Guitarist David Zackrisson formed Beardfish in 2000 by with singer and keys man Rikard Sjöblom. Robert Hansen and Magnus Östgren, bass and drums respectively join them for this, their second release. Stefan Aronsson who played flute on the debut disk is absent for this album. This somewhat less than sane concept album is built around the concept of a town given the Zappaesque name of Gooberville and the adventures of one of its citizens. Two disks is a habit they must have caught from fellow Swedes The Flower Kings, as the result is rather too much for the concept and in my view, oddly enough the best material actually appears on disk two.

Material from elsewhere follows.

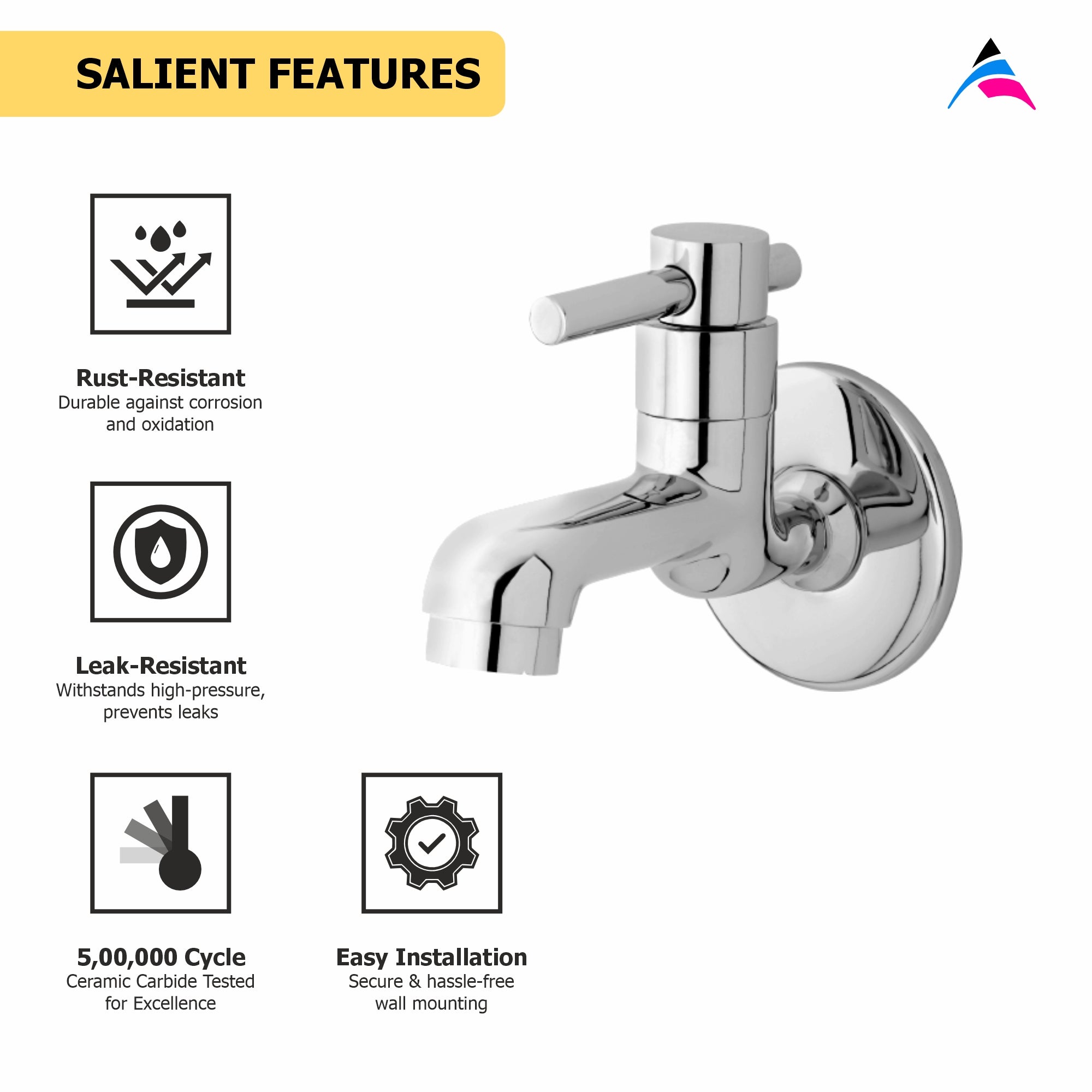 Asiatique Bib Cock Long Body (J-004), Jetco Series Bathroom & Kitchen Faucets | Premium Modern Tap Collection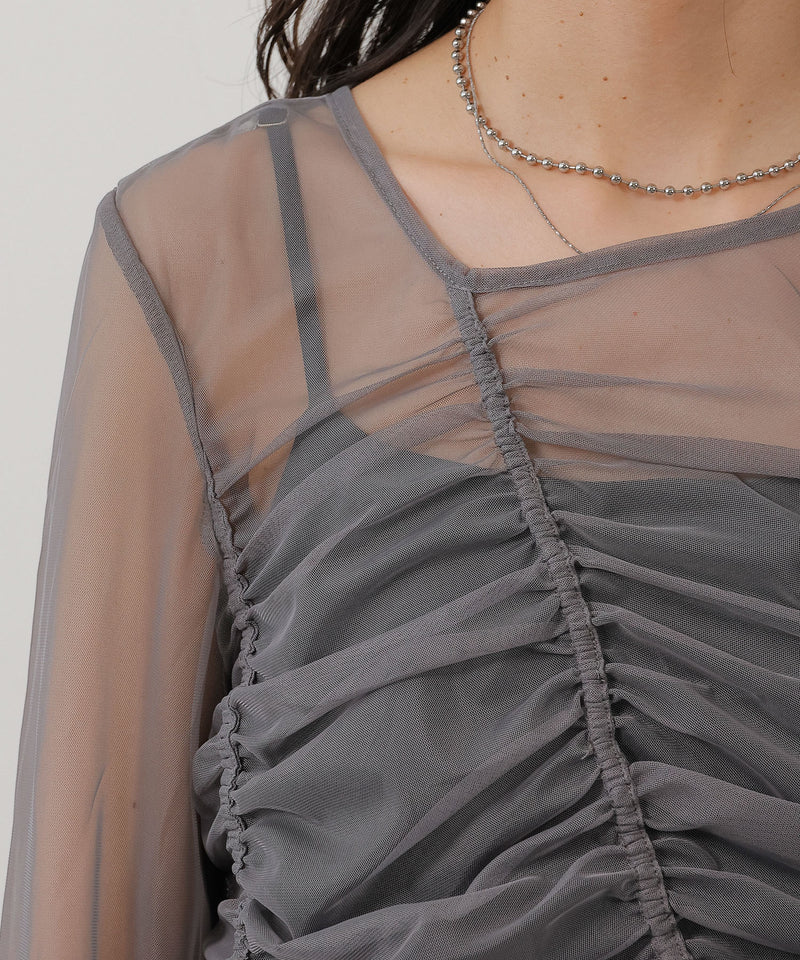 2枚セット チュールシャーリングデザイントップス リブトップス レイヤード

Beardfish's style is essentially in the neo-progressive camp but, again like the Flower Kings, their eclecticism and technical skills set them apart from many of the run of the mill bands that inhabit this category. The opening song, "Love Story" features a gentle piano intro which builds into a frenetic musical row between our hero and his girlfriend who is about to dump him. The idea is OK, the results, particularly the lyrics and their raucous delivery as a banal 'sung argument' are grating on the ear and, for me at least, intensely irritating. This opening track mentions Frank Zappa somewhere within the lyrics and the second track is typical of his iconoclastic style. "Mudhill" on the other hand is one of the more fascinating pieces, which has some hints of Zappa and Pink Floyd, but with a lazy psychedelic touch to it. "The Gooberville Ballroom dancer" has some hints of Grobschnitt's Rockpommel's Land mixed in with a Zappa like bass and guitar vamp. The silly American voiceovers just annoy me though as there are simply too many of them – sometimes you can try just too hard to ape your heroes. There is however a wonderful guitar solo, again straight out of Frank Zappa's style-book toward the end of the track.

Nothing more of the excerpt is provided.